Page:Schœlcher - Des colonies françaises, 1842.djvu/404

Le texte de cette page a été corrigé et est conforme au fac-similé.

« J’affirme que l’esclavage de nos nègres pourrait préparer leur émancipation. Mais ici ne voulant pas faire une thèse inutile, et lutter contre un parti pris, je fais une génuflexion vis-à-vis du désir humanitaire de la France, et je lui dis : Vous ne voulez pas la continuation de l’esclavage, mais au moins pourvoyez à la liberté pour n’en pas faire de la licence : pour y pourvoir, préparez-la, mais préparez-la dans un mode qui ne rompant pas tout-à-fait avec l’ordre établi, marquera le pas pour un acheminement à un mode meilleur ; ne votez pas une mesure absolue, définitive, mais votez une mesure transitoire.

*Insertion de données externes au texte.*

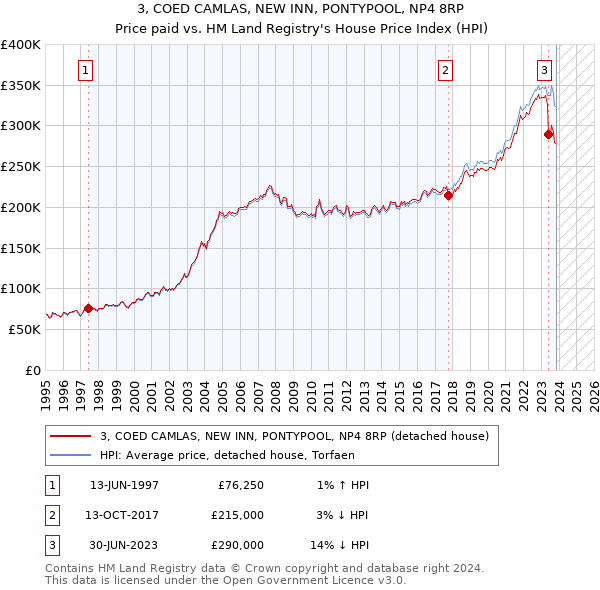 3, COED CAMLAS, NEW INN, PONTYPOOL, NP4 8RP: Price paid vs HM Land Registry's House Price Index
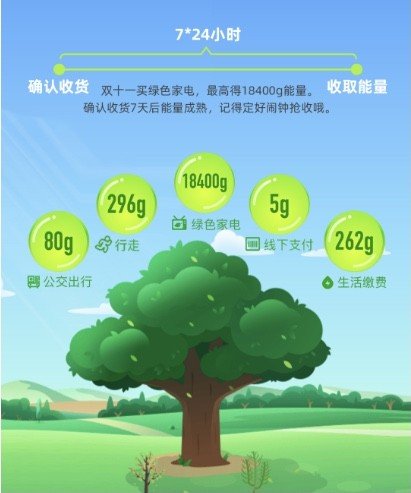 蚂蚁森林的能量是怎么计算的？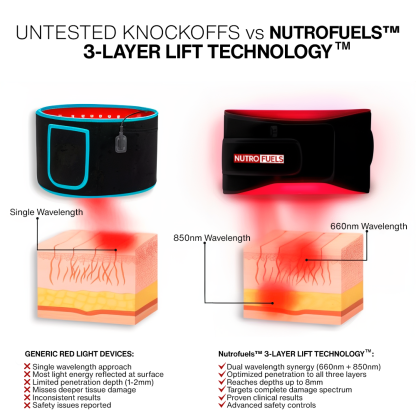 Nutrofuels™ Red Light Belt for Loose Postpartum Belly Skin & Stretch Marks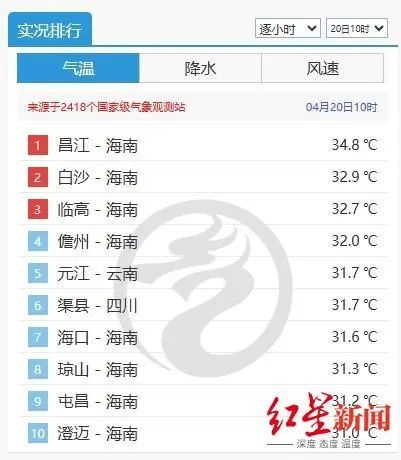 成都天气大变脸！刚刚还34℃高温，下一秒雷雨交加，你准备好了吗？  第7张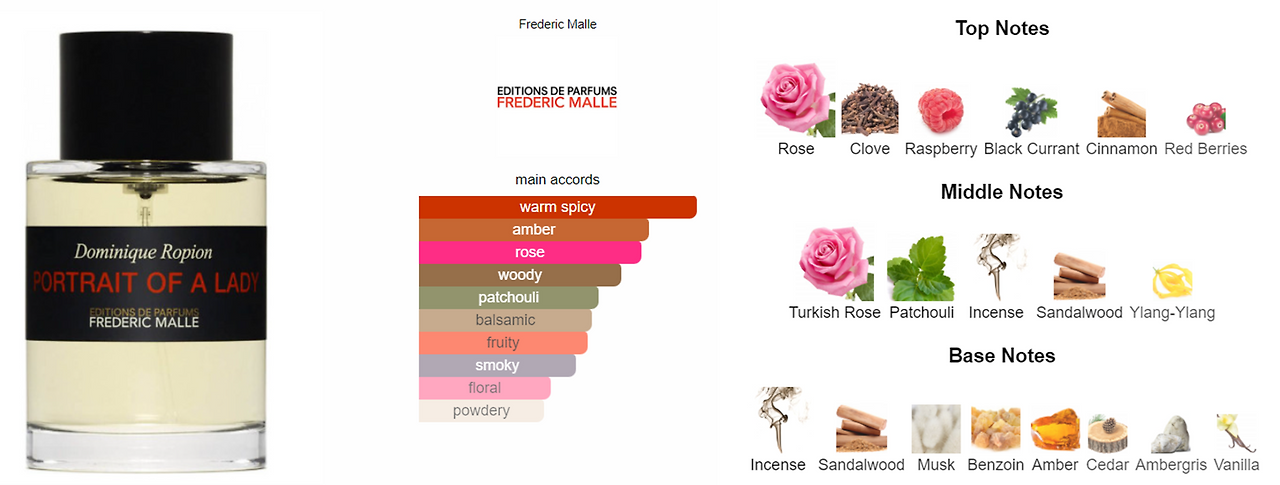 frederic malle_portrait of a lady.png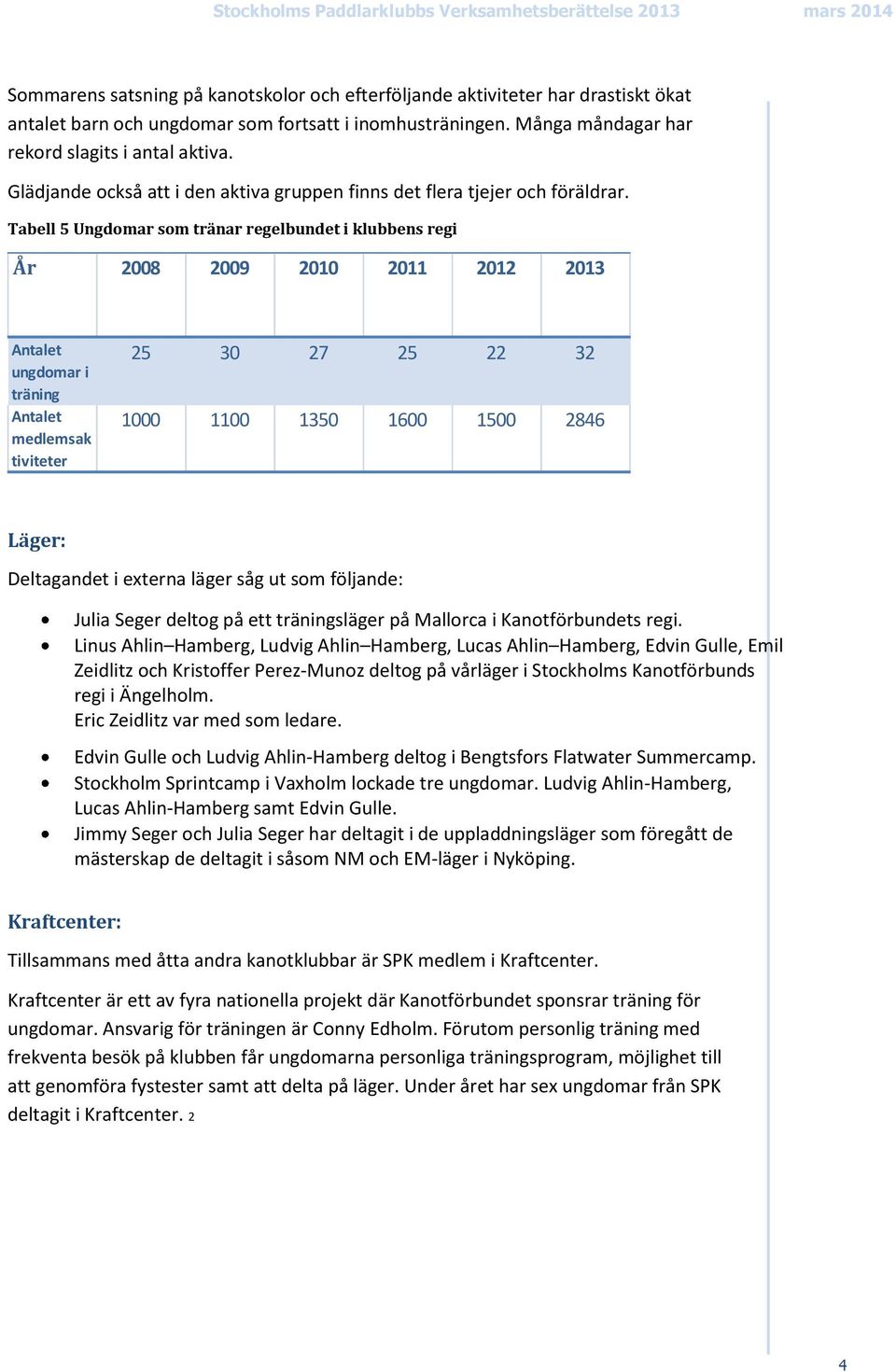 Tabell 5 Ungdomar som tränar regelbundet i klubbens regi År 2008 2009 2010 2011 2012 2013 Antalet ungdomar i träning Antalet medlemsak tiviteter 25 30 27 25 22 32 1000 1100 1350 1600 1500 2846 Läger: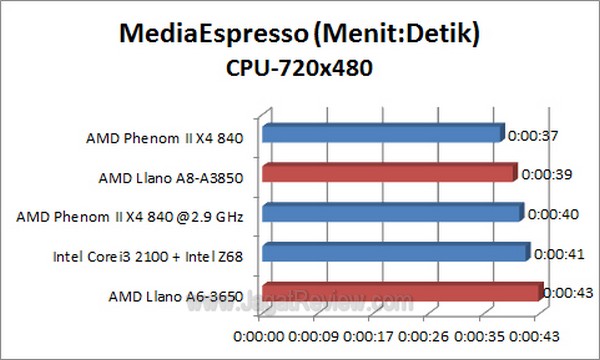 Llano_MSE_720x480_CPU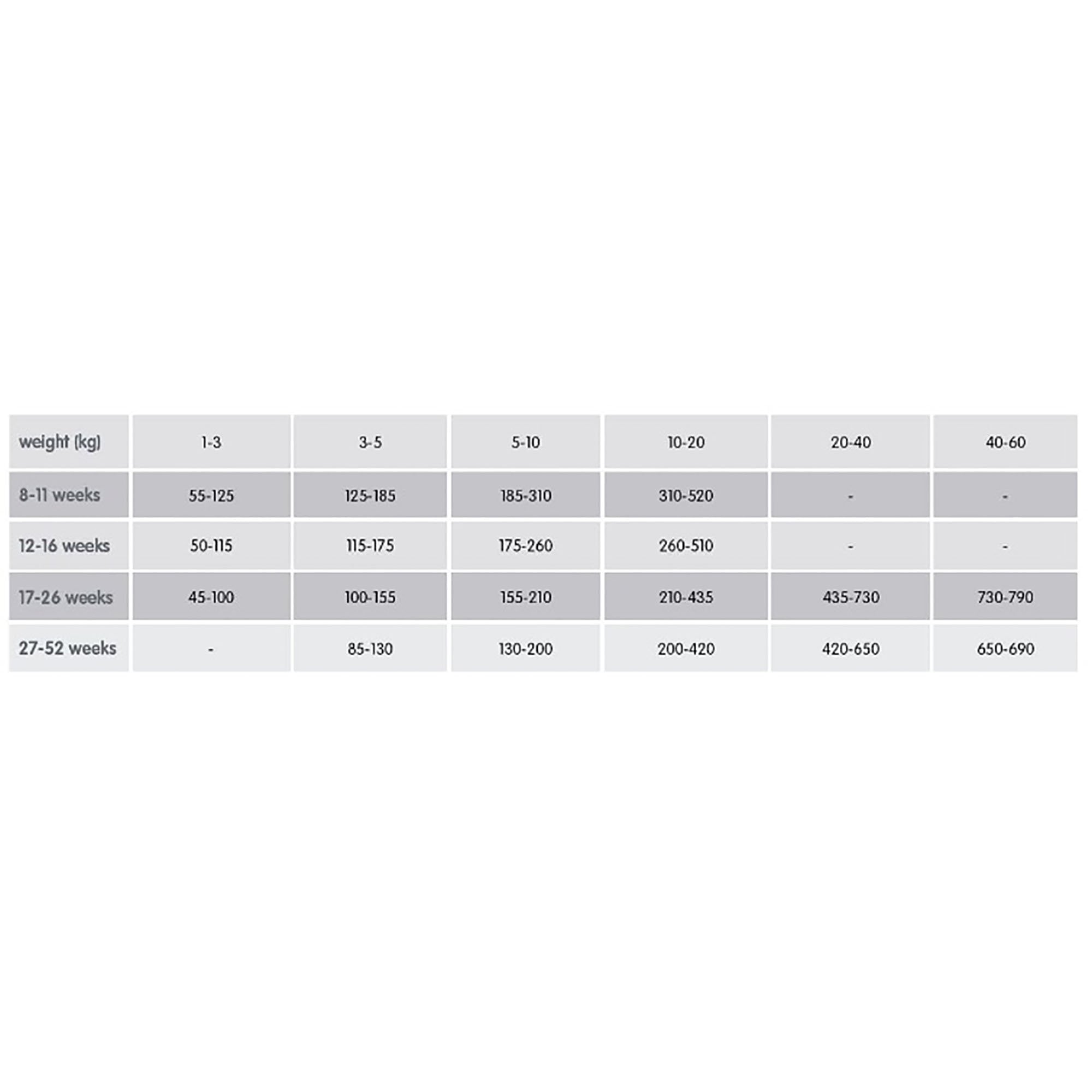 Sensitive Puppy/Junior Grain Free Dog Food Fish & Potato 12kg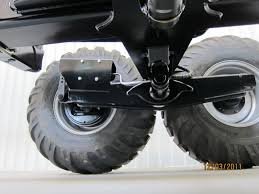 Znalezione obrazy dla zapytania: wahacz tandem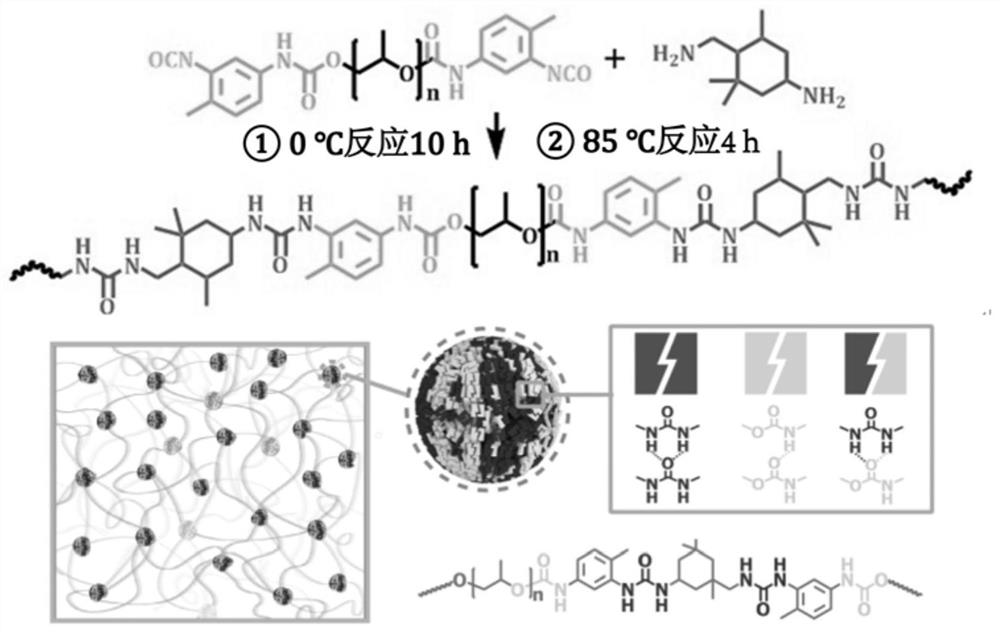 Ultra-tough room temperature intrinsic self-healing elastomer material with high light transmittance and preparation method thereof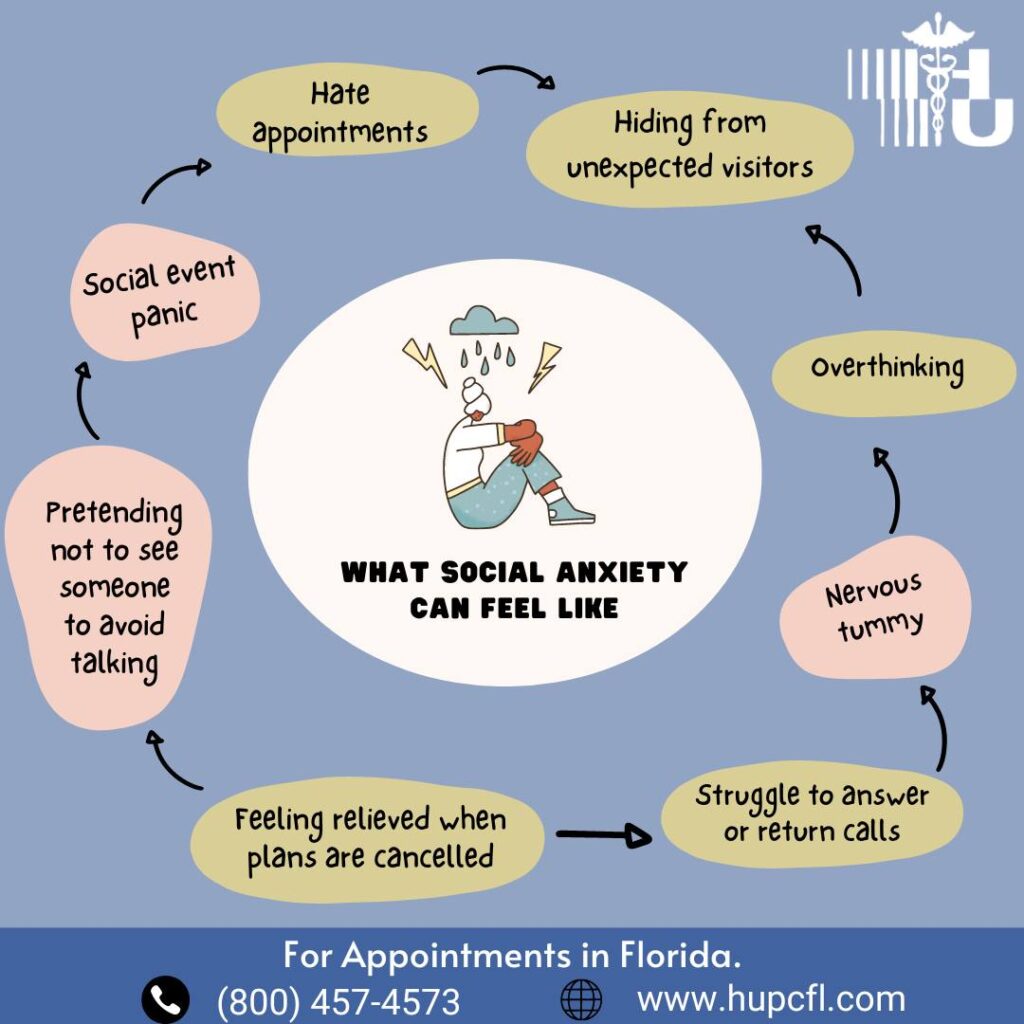 Best Mental Health Clinic in Fort Caroline, FL | Psychiatric Clinic in Fort Caroline, FL | hupcfl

« Vous avez complété votre émancipation en 89, mais vous savez par où et sur quoi il vous à fallu passer ! Les fins de la révolution légitiment sans doute ses moyens ; mais cette révolution si glorieuse pour nous, génération qui en recueillons les fruits, combien a-t-elle été torturaire pour la génération qui en a eu la gestation et le part ! Hommes égoïstes qui applaudissez à une lutte passée dont vous ramassez les dépouilles, voudriez-vous encore vous en renouveler l’émotion sur une partie contemporaine de votre société, sans être vous-mêmes exposés à la mêlée ? La révolution a eu ses horreurs, et cependant c’était une société homogène qui agissait dans et par elle même ; qui avait une intelligence et des sentimens communs. Que serait-ce d’une révolution aux colonies ou les races divergent, ou les sentimens et l’intelligence divergent avec elles ? croyez-vous être assez près pour voir le péril, assez dextres pour y obvier ? Aurez-vous une suffisante conscience des dangers à combattre, des intérêts à satisfaire ? Une révolution sociale, monsieur, ne se fait pas par de la pédagogie ; ce sont les acteurs qui sont les professeurs ? Eh bien ! nous, qui sommes parmi ces acteurs, et entre tous, les plus intelligens, il nous faut laisser le soin d’en être les professeurs : il faut que la France nous abandonne cet enseignement librement et entièrement, sous le contrôle de pure surveillance de ses agens.